## [WHAT YOU NEED TO DO]
Starting with the line that contains "colonial inspired home" and stopping after the line that contains "Rhea seen in", copy the entries below exactly. Include nothing else.

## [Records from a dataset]
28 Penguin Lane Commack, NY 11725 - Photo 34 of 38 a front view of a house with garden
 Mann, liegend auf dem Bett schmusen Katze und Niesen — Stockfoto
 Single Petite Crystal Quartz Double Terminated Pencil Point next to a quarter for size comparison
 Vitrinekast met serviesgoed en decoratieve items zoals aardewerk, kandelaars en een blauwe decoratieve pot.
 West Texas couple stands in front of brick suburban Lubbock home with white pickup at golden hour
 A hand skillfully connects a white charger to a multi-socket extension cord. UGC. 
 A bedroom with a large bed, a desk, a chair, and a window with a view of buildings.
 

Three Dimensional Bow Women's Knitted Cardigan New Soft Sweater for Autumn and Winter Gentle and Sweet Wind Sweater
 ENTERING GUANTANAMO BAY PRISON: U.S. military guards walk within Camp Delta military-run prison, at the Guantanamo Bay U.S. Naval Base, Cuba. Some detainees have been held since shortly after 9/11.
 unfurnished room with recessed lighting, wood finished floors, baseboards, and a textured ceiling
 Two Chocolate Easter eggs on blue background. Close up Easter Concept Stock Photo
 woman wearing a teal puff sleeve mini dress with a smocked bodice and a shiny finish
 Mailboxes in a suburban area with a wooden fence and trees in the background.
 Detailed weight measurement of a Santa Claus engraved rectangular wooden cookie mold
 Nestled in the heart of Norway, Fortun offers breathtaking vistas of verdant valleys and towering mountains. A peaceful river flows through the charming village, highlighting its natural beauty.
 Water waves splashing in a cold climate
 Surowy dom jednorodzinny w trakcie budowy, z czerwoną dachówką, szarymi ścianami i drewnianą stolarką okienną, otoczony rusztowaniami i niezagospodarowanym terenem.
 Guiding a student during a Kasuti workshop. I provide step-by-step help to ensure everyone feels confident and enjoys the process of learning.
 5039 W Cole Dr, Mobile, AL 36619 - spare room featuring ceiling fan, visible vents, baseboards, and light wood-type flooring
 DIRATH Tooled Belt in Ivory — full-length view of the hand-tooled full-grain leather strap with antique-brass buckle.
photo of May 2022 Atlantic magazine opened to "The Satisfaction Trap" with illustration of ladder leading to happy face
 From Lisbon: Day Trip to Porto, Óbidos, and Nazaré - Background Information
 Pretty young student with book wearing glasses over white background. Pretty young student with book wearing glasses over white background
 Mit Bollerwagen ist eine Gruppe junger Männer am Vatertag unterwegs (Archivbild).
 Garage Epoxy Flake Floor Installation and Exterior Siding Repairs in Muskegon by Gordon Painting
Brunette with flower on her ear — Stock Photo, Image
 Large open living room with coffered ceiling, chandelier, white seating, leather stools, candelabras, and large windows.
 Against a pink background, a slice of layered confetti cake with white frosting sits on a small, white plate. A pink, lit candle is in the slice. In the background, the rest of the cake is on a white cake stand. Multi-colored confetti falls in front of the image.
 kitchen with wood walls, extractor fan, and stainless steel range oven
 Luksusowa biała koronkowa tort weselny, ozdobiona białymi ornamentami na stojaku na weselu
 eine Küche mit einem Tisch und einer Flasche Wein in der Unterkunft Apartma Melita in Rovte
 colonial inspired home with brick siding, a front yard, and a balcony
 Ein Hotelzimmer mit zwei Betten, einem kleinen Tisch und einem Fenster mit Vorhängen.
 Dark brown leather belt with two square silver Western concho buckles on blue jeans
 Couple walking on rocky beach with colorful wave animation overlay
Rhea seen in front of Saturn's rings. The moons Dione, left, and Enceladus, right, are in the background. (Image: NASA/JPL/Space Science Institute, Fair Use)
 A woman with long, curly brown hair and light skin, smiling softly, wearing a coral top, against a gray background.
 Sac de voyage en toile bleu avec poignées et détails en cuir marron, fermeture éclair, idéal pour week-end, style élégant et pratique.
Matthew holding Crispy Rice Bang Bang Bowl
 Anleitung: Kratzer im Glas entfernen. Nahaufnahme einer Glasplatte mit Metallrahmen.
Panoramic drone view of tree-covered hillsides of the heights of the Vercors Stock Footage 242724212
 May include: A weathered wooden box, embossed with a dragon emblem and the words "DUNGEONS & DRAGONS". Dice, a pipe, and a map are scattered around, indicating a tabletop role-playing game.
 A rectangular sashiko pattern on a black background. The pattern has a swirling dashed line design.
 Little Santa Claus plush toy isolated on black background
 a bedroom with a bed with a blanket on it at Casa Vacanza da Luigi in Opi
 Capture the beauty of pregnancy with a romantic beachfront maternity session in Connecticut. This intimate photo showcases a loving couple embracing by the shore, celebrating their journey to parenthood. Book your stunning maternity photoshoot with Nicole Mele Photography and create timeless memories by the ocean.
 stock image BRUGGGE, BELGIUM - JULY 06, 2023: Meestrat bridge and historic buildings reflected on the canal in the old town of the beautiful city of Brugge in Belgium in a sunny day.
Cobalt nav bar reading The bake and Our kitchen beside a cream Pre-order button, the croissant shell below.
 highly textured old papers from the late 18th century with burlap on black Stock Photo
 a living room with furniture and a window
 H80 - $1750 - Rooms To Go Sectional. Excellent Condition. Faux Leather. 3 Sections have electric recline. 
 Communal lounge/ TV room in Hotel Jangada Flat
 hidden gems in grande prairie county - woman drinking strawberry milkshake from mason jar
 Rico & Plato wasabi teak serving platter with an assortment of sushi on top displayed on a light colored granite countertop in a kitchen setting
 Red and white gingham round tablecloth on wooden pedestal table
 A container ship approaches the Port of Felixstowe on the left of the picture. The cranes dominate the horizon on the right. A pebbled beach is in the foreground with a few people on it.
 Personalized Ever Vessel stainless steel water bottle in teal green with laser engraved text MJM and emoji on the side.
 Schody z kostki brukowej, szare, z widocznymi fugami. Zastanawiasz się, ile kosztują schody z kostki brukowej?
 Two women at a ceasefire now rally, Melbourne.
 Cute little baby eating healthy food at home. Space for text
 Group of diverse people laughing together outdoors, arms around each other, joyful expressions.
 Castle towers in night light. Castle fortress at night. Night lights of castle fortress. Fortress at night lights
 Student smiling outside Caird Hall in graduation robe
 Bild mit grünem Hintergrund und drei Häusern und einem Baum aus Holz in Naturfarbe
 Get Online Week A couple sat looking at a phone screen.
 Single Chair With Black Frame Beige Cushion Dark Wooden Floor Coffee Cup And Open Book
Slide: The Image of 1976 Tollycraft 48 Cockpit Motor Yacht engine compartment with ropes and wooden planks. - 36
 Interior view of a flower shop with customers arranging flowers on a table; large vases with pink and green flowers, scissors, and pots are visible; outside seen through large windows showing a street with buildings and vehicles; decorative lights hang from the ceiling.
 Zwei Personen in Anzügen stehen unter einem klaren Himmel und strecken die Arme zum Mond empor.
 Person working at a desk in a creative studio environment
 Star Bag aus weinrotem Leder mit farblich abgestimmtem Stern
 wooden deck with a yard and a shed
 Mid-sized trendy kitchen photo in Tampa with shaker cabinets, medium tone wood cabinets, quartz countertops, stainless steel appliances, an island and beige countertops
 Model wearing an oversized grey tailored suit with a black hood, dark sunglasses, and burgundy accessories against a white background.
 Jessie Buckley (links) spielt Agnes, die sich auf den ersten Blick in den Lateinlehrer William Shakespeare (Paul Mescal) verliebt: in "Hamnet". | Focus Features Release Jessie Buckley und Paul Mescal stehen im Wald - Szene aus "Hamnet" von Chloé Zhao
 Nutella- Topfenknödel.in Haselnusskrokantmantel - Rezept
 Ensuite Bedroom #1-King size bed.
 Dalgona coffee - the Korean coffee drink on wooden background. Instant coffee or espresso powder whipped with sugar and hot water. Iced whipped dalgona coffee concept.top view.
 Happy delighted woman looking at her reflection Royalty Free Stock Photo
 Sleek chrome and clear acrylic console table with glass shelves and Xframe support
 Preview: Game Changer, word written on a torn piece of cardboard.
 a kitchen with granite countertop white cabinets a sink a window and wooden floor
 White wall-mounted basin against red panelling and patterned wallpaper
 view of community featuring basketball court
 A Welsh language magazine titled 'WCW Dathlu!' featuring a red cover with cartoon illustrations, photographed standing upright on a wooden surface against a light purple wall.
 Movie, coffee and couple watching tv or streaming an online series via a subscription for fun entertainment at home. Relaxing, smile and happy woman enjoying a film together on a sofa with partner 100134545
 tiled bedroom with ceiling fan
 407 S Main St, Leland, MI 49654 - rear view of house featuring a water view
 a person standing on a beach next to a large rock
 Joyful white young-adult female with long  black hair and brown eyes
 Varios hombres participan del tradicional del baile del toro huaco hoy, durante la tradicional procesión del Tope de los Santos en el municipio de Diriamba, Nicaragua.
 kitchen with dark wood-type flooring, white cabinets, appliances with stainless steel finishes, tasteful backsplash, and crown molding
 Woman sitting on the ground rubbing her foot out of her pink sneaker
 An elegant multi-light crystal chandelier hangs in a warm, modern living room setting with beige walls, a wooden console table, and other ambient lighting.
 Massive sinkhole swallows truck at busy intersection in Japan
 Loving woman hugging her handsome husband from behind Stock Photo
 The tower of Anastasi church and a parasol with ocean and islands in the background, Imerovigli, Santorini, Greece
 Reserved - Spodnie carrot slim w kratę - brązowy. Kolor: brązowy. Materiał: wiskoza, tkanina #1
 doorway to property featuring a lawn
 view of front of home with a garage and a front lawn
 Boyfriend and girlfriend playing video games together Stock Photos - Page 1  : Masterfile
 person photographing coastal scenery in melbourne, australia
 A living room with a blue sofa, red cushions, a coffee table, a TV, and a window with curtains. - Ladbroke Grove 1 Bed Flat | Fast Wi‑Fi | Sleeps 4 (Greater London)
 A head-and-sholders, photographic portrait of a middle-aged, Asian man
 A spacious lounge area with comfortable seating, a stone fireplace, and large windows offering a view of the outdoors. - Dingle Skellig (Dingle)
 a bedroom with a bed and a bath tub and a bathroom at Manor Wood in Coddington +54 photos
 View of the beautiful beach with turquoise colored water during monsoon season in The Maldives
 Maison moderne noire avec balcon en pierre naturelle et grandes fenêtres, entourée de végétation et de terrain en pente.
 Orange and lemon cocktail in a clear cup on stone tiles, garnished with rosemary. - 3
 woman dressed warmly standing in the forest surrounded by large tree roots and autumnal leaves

## [RESULT BELOW]
 colonial inspired home with brick siding, a front yard, and a balcony
 Ein Hotelzimmer mit zwei Betten, einem kleinen Tisch und einem Fenster mit Vorhängen.
 Dark brown leather belt with two square silver Western concho buckles on blue jeans
 Couple walking on rocky beach with colorful wave animation overlay
Rhea seen in front of Saturn's rings. The moons Dione, left, and Enceladus, right, are in the background. (Image: NASA/JPL/Space Science Institute, Fair Use)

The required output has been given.